Output: All time values default to nanoseconds
API Start : Start timestamp of CUDA API launch call
API Dur : Duration of CUDA API launch call
Queue Start : Start timestamp of queue wait time, if it exists
Queue Dur : Duration of queue wait time, if it exists
Kernel Start : Start timestamp of CUDA kernel
Kernel Dur : Duration of CUDA kernel
Total Dur : Duration from API start to kernel end
PID : Process ID that made kernel launch call
TID : Thread ID that made kernel launch call
DevId : CUDA Device ID that executed kernel (which GPU)

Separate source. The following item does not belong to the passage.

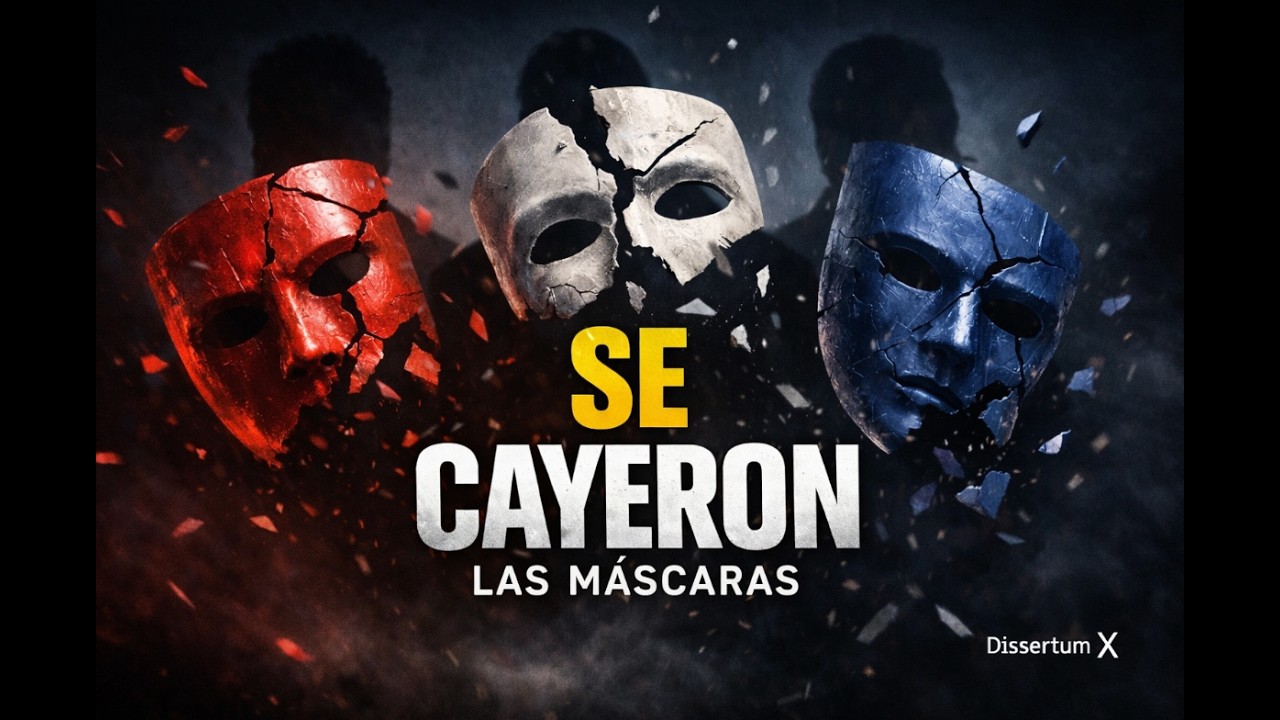 Cuando se caen las máscaras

API Function : Name of CUDA API call used to launch kernel
GridXYZ : Grid dimensions for kernel launch call
BlockXYZ : Block dimensions for kernel launch call
Kernel Name : Name of CUDA Kernel
This report provides a trace of the launch and execution time of each CUDA
kernel. The launch and execution is broken down into three phases: "API
time," the execution time of the CUDA API call on the CPU used to launch the
kernel; "Queue time," the time between the launch call and the kernel
execution; and "Kernel time," the kernel execution time on the GPU. The
"total time" is not a just sum of the other times, as the phases sometimes
overlap. Rather, the total time runs from the start of the API call to end
of the API call or the end of the kernel execution, whichever is later.
The reported queue time is measured from the end of the API call to the
start of the kernel execution. The actual queue time is slightly longer, as
the kernel is enqueue somewhere in the middle of the API call, and not in
the final nanosecond of function execution. Due to this delay, it is
possible for kernel execution to start before the CUDA launch call returns.

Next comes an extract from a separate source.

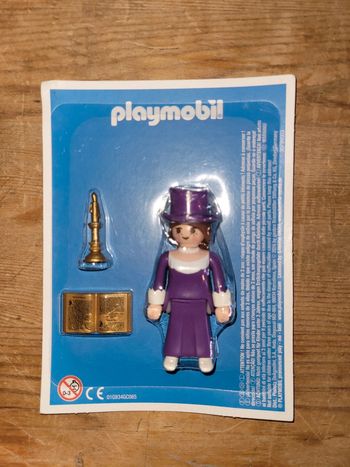 Vends playmobil mary shelley (frankenstein)de 2016 sous blister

In these cases, no queue times will be reported.
Be aware that having a queue time is not inherently bad. Queue times
indicate that the GPU was busy running other tasks when the new kernel was
scheduled for launch. If every kernel launch is immediate, without any queue
time, that _may_ indicate an idle GPU with poor utilization. In terms of
performance optimization, it should not necessarily be a goal to eliminate
queue time.
You might also be interested in the cuda_kern_exec_sum
script, which groups kernels by name, and provides min/max/med/avg/stdev for each of the times, for each kernel.

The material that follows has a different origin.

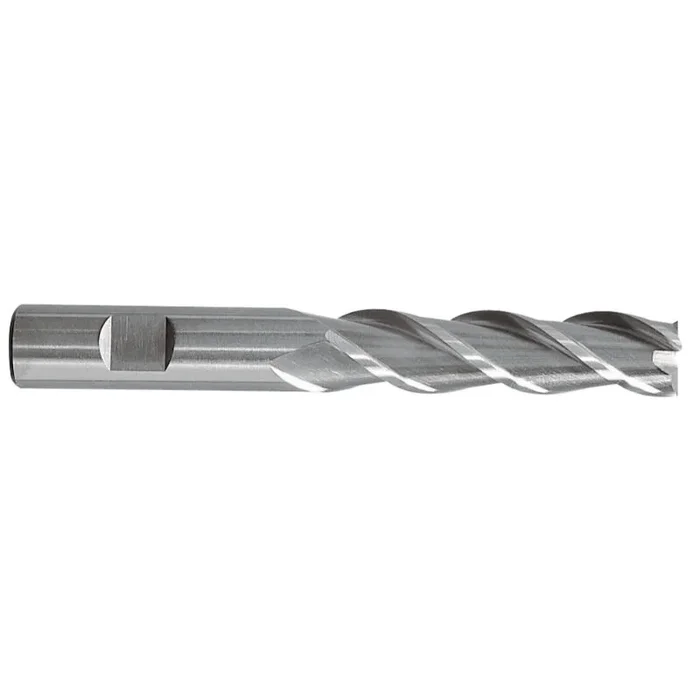 Fraise de finition HSS-E8 -DIN844BL -Z3 -Hél.40° -Longue / Ø: 16 0 TIVOLY – 80301511600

Both stats reports can also be accessed in the GUI by selecting “Stats System View” in the lower pane. You can then sort the table by any column, including Queue Duration.
If you want to change the order of the CLI output, that does require tinkering with the SQL, but that level of change should be pretty simple. See <nsys-install-dir>/reports
for the source files.
Regardless of which report you want to use, if your goal is to create a histogram, I assume you’ll be pulling the data into a spreadsheet or other analytics environment. If this is a task you expect to do over and over, you might look at the recipe system, which allows you to quickly write Python code to extract the data you need and generate a Jupyter notebook to do your analytics and renderings. If you want something simpler, like just pulling the data into Excel or another spreadsheet, be aware that nsys stats
can output a number of different formats, including CSV files. Just add --format=csv --output=.
to you nsys stats
command. That will output in CSV format, using the default output, which for CSV is a file named <report_name>_<stats_report_name>.csv
Once that file is loaded into an analysis environment, you can sort or manipulate the data however you see fit.
Let me know if you have any additional questions, and again, I’m sorry I missed this on the first round.